That will mean mechanics working through the night to get the bikes ready for Saturday. In preparation for this, the Gresini mechanics left the circuit early on Friday, presumably to get some sleep ahead of a long night.

Prepping the bikes

How long will the mechanics need to get the bikes ready? Opinions differ. Alex Briggs, formerly a mechanic for Valentino Rossi and Mick Doohan, believed it could all be done in relatively short order, despite the bikes being filthy after the wet race in Mandalika. One bike should be clean, as it didn't get used, and just needs new fluids and the setting and gearbox changed for the new circuit. The second bike might take longer, but even that shouldn't take too long, according to Briggs.
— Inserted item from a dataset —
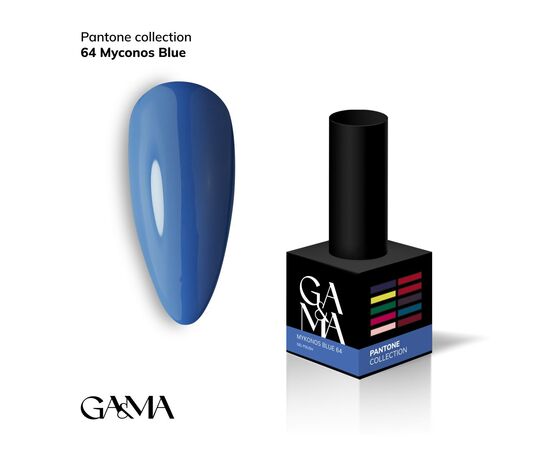 GaMa Gel polish #64 MYKONOS BLUE, гель-лак, Міконос блу, 10 ml #1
Other estimates were heard from various paddock sources. The factory KTM mechanics had needed 3 hours to clean up and prepare the bikes raced by Brad Binder and Miguel Oliveira. Others estimated it could take the Gresini squad between 8 and 12 hours to get the bikes ready to roll. But given that the garages are completely empty, that might also include the time needed to set up the garage, at least to a minimum requirement to be able to work.

Cut and run

But why didn't they strip and clean the bikes on the Sunday night after the race, I hear you ask? Mainly because most of the teams were rushing to catch an 8pm charter flight from Lombok after the Mandalika MotoGP race, a situation which had been made worse by the fact the race had been delayed for over an hour. They had no time to do anything but the absolute minimum before packing them in crates ready for the flight.

But even under normal circumstances, they still wouldn't have stripped the bikes. After every race, the bikes are packed into crates as quickly as possible and either taken to the airport or packed into the race track, and only stripped and cleaned at the next race, or back at the workshop. Sunday night is the end of a long and hard week of work, and most people have flights to catch. Pretty much everyone is done in, and a mistake is easily made when you are tired. Better to do it all on the Wednesday and Thursday, when the mechanics are much fresher, and can work at a less frenetic pace.

Extended practice

The timing of the arrival of the bikes persuaded Dorna to draw up a new schedule. That seems aimed at both giving everyone more time on track, and giving the MotoGP teams more time to prepare their bikes. Moto2 and Moto3 fill the morning, MotoGP only taking to the track at 12:35.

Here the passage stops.